§ **ASSIGNED TASK**
The following data is to be repeated exactly, its pictures excluded.

====

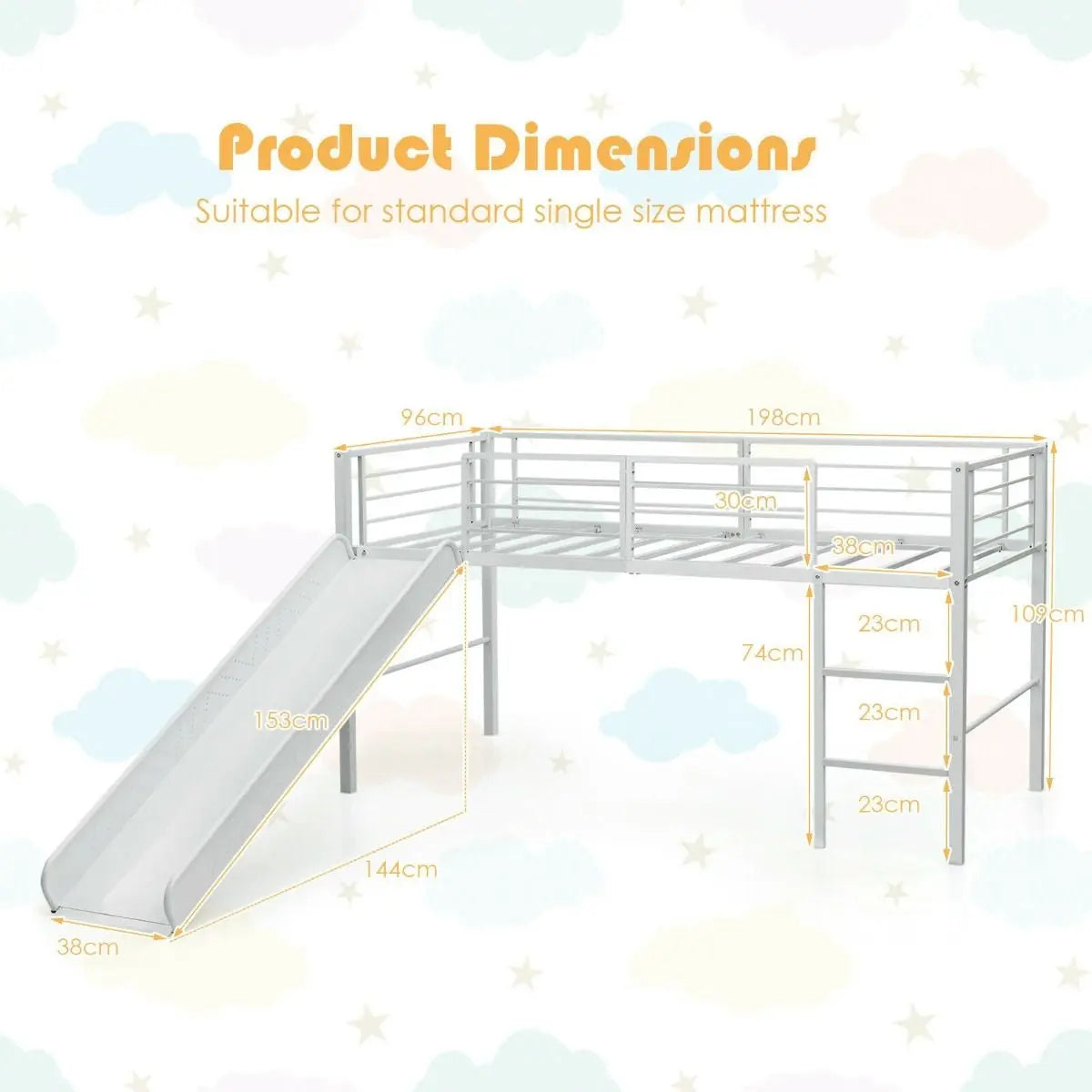 Sliding Loft Children Single Bed with Stairs and Safety Guardrails - DynamicDrop Hub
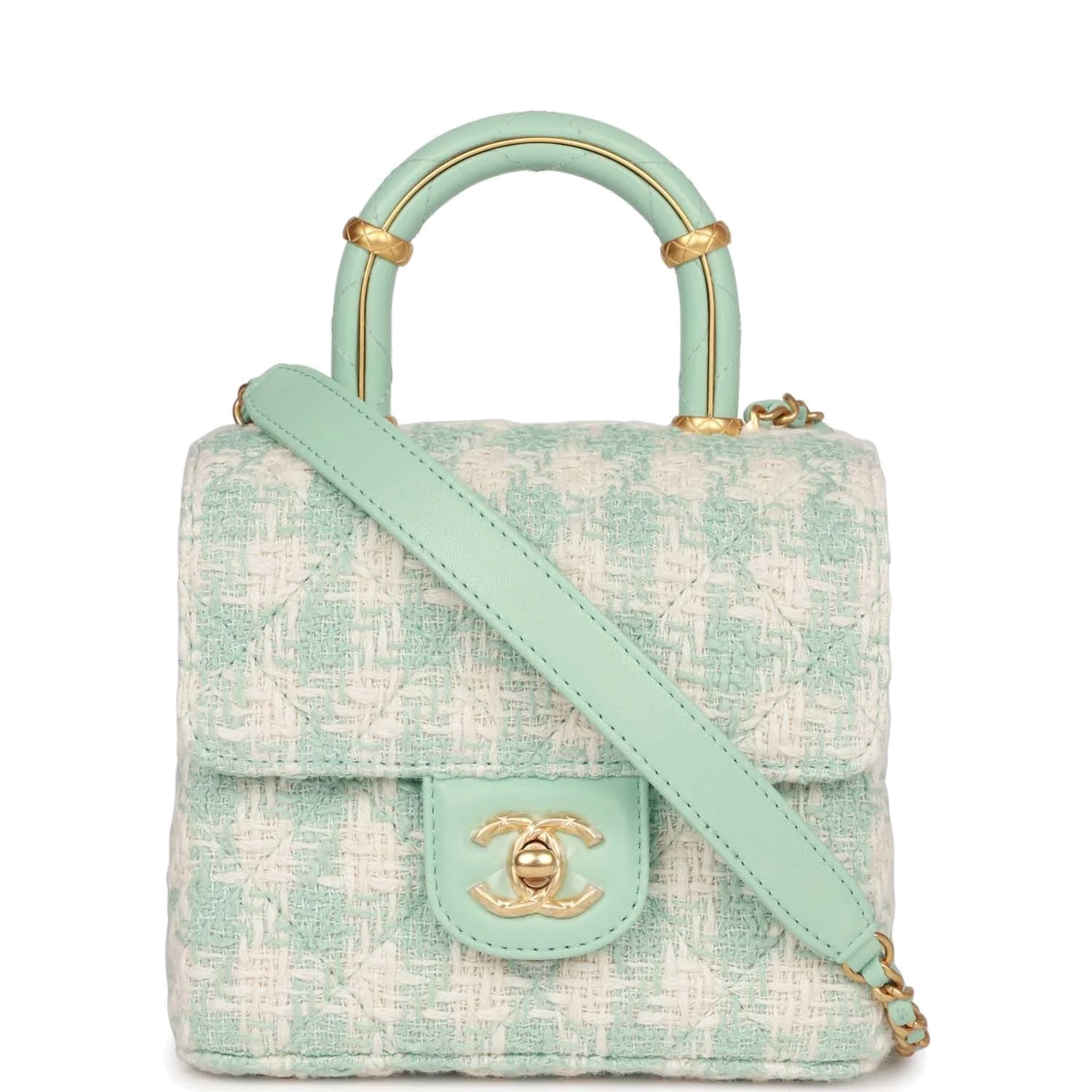 Chanel Mini Square Flap with Top Handle Turquoise and Ecru Tweed — фото 2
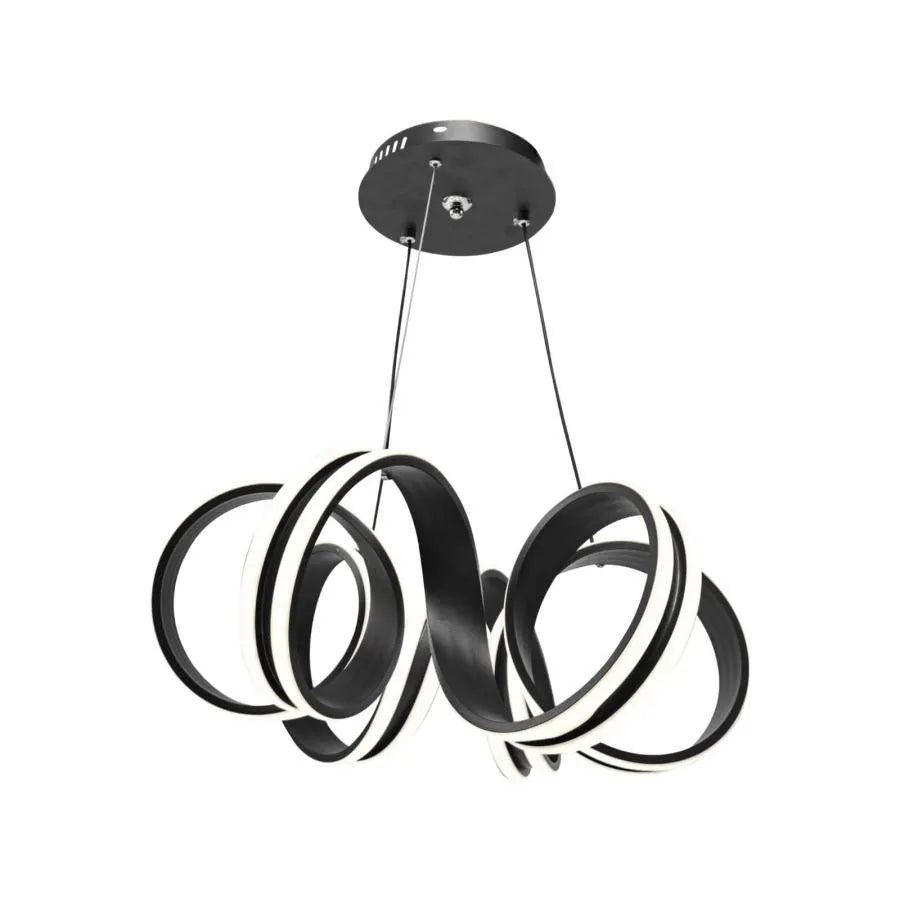 A LED -csillár felfüggesztette az Infinity Twist 180W távirányítót, hullámosított, hideg/forró/semleges fény, fekete, fekete, állítható magasság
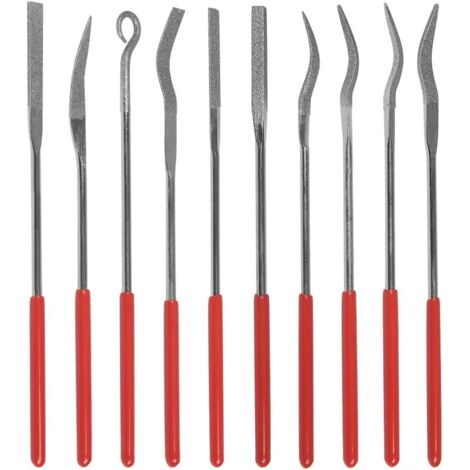 10 Pièces Limes à Aiguille en Alliage pour Moudre et Réparer les Moules, Kit de Lime Grains 150 pour Travail de Précision Bricolage Modelisme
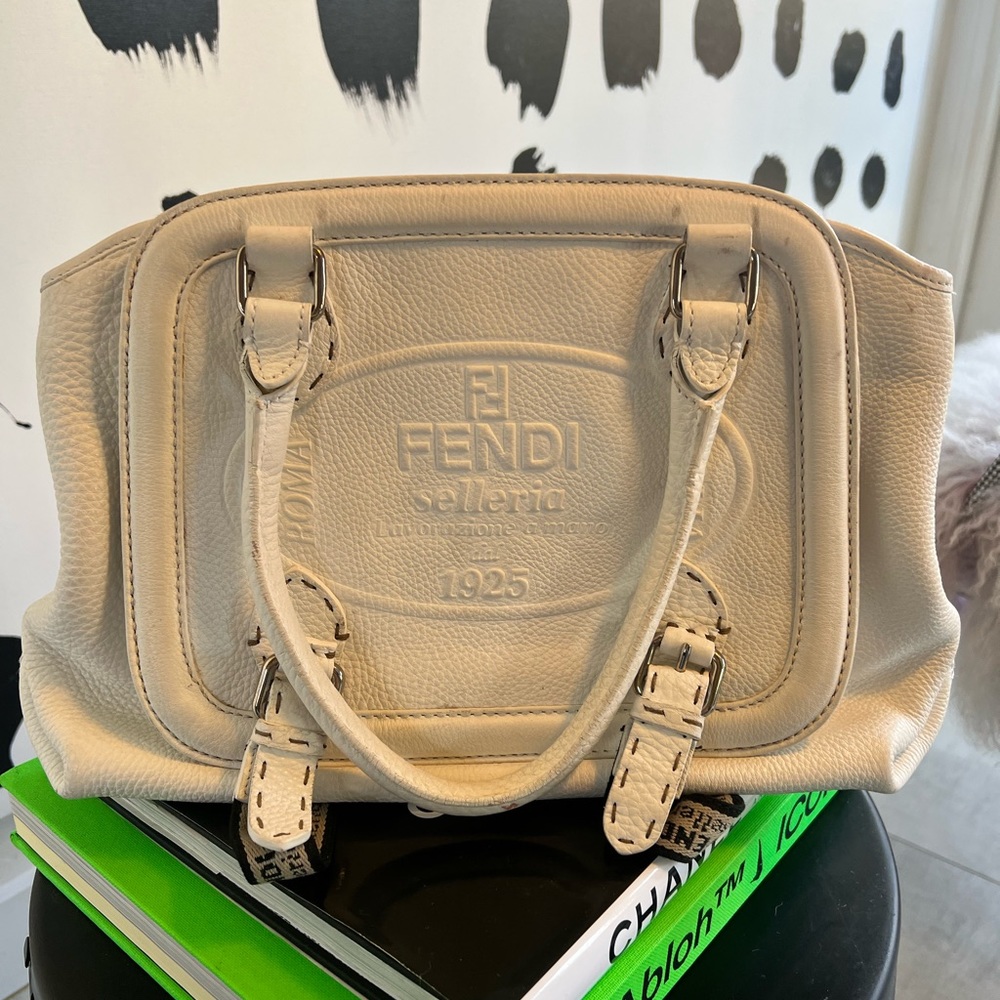 FENDI WHITE BAG with silver hardware, beige linen interior & denim accent straps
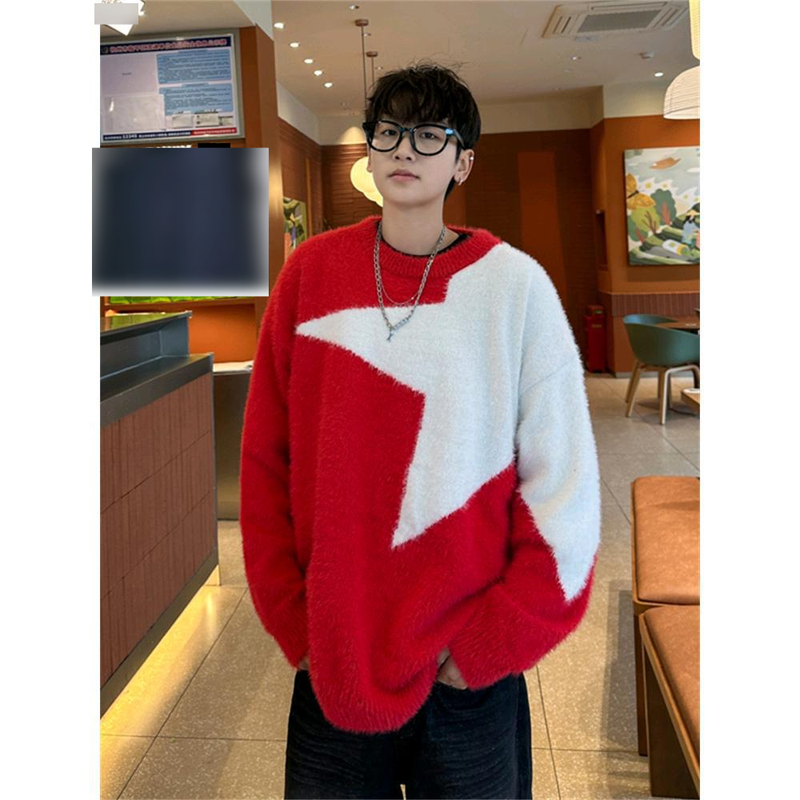 Men's Winter Crewneck Sweater Casual Knit Pullover Color Block Warm Long Sleeve Top For Teens_voghion.com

====

§ **YOUR RESPONSE**
 Sliding Loft Children Single Bed with Stairs and Safety Guardrails - DynamicDrop Hub
 Chanel Mini Square Flap with Top Handle Turquoise and Ecru Tweed — фото 2
 A LED -csillár felfüggesztette az Infinity Twist 180W távirányítót, hullámosított, hideg/forró/semleges fény, fekete, fekete, állítható magasság
 10 Pièces Limes à Aiguille en Alliage pour Moudre et Réparer les Moules, Kit de Lime Grains 150 pour Travail de Précision Bricolage Modelisme
 FENDI WHITE BAG with silver hardware, beige linen interior & denim accent straps
 Men's Winter Crewneck Sweater Casual Knit Pullover Color Block Warm Long Sleeve Top For Teens_voghion.com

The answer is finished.